United Kingdom's William Hague has quit as foreign secretary and has decided to stay in the cabinet as Leader of the Commons, Downing Street has said in a surprise announcement that precedes a major shakeup of the Conservative-led government.

Prime Minister David Cameron's office has said that Hague – who has played the most important role as Britain's most visible statesman on international crises in the Middle East, Syria and Ukraine – was moving to the post in the House of Commons and will give up politics next year.

Cameron added that Hague would be his "de facto political deputy in the run-up to the election" in May 2015 and will lead the campaign for conservative majority in the British parliament.

The news comes just hours before Cameron was due to announce a major Cabinet shuffle on Tuesday, but the news of Hague's departure comes as a surprise to many politicians and public figures.

The veteran politician is leaving the Parliament after 26 years as MP for Richmond, North Yorkshire.

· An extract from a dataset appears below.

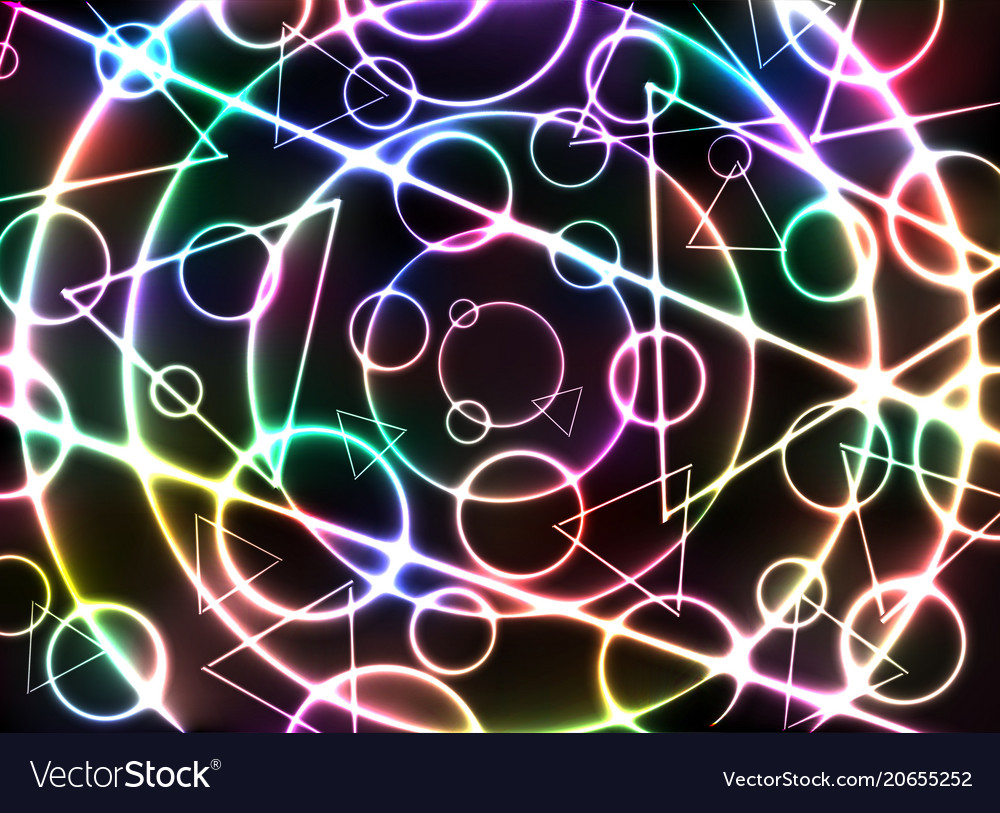 Abstract Colorful Glowing Neon On Black Background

As part of the same ministerial reshuffle, veteran Conservative MP Ken Clarke has also stepped down, reports BBC.

According to senior ministers cited by the news channel, the current defence secretary, Philip Hammond, will replace Hague's position.

"William Hague as been one of the leading lights of the Conservative Party for a generation, leading the party and serving in two cabinets," Cameron said paying his tributes to Hague.

"Not only has he been a first class foreign secretary – he has also been a close confidante, a wise counselor and a great friend. He will remain as first secretary of state and my de facto political deputy in the run up to the election – and it is great to know that he will be a core part of the team working to ensure an outright Conservative victory at the next election."

Hague, who will now remain as a member of the National Security Council, said: "By the time of the general election next year, I will have served 26 years in the House of Commons and it will be 20 years since I first joined the cabinet.

"In government there is a balance to strike between experience on the one hand and the need for renewal on the other, and I informed the prime minister last summer that I would not be a candidate at the next general election."